* _What is being asked_: Copy out the whole listing exactly as given. Skip the pictures.

* _Supplied material_:
====================

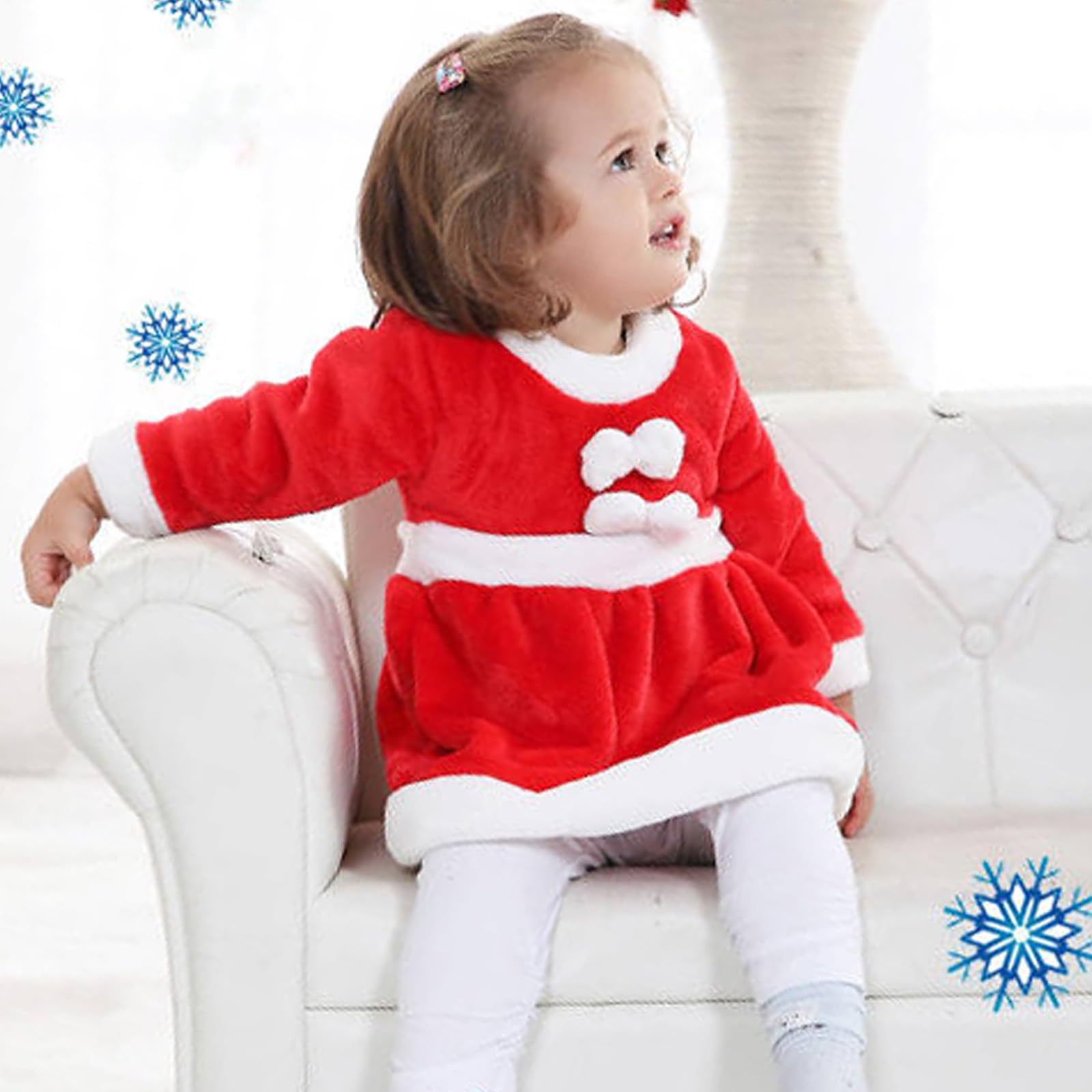 Costume da Babbo Natale per bambini, set da 3 pezzi con giacca, pantaloni e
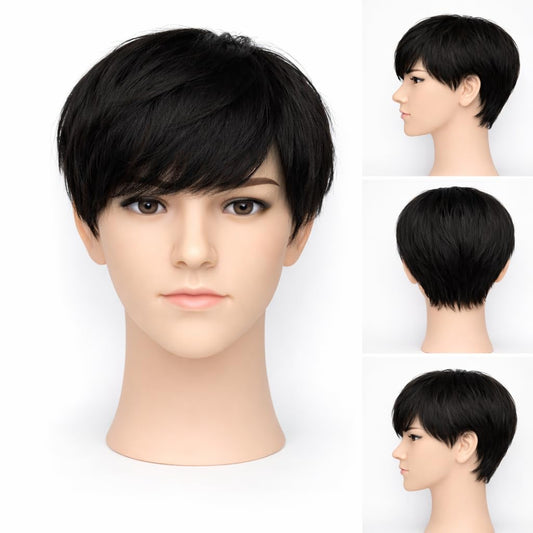 S.A.V.I 100% Human Hair Wig for Men, Natural Black Korean Style Short Pixie Cut, Straight Layered Full Coverage, Realistic Scalp Appearance, Breathable & Lightweight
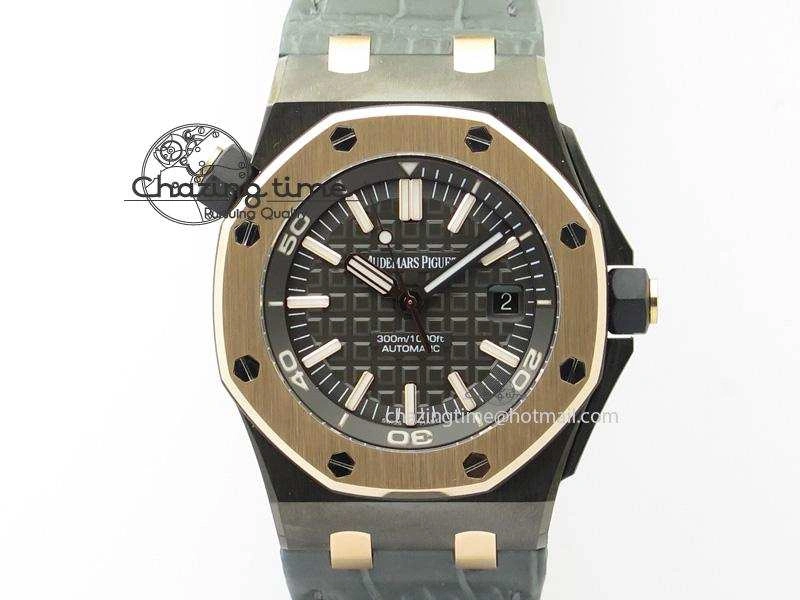Royal Oak Offshore Diver QEII CUP 2014 JF Best Edition On Leather Strap A3120 V2 ( Free XS Rubber ) Minimalist 5079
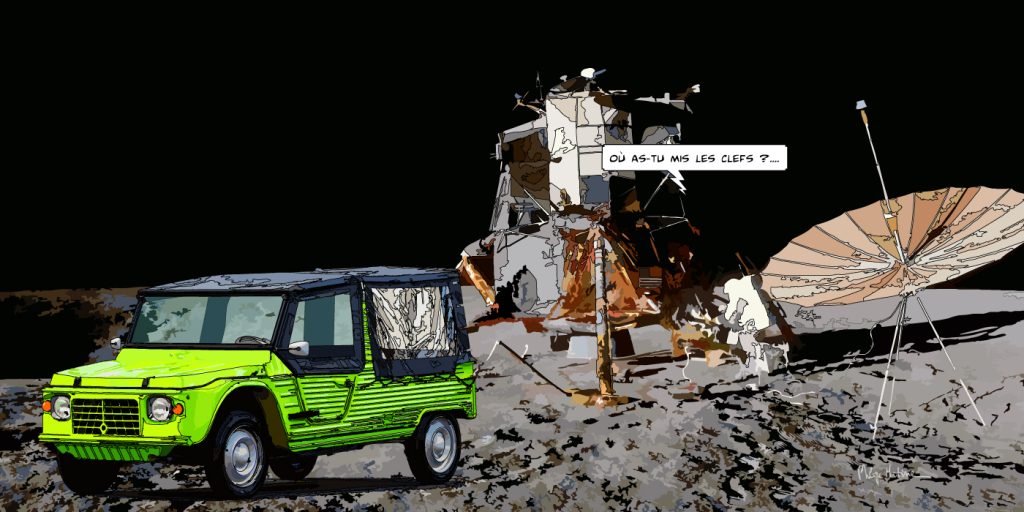 Citroën Méhari sur la Lune — art Ligne Claire Motors — Philippe Matine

====================

* _Solution to this exercise_:
 Costume da Babbo Natale per bambini, set da 3 pezzi con giacca, pantaloni e
 S.A.V.I 100% Human Hair Wig for Men, Natural Black Korean Style Short Pixie Cut, Straight Layered Full Coverage, Realistic Scalp Appearance, Breathable & Lightweight
Royal Oak Offshore Diver QEII CUP 2014 JF Best Edition On Leather Strap A3120 V2 ( Free XS Rubber ) Minimalist 5079
 Citroën Méhari sur la Lune — art Ligne Claire Motors — Philippe Matine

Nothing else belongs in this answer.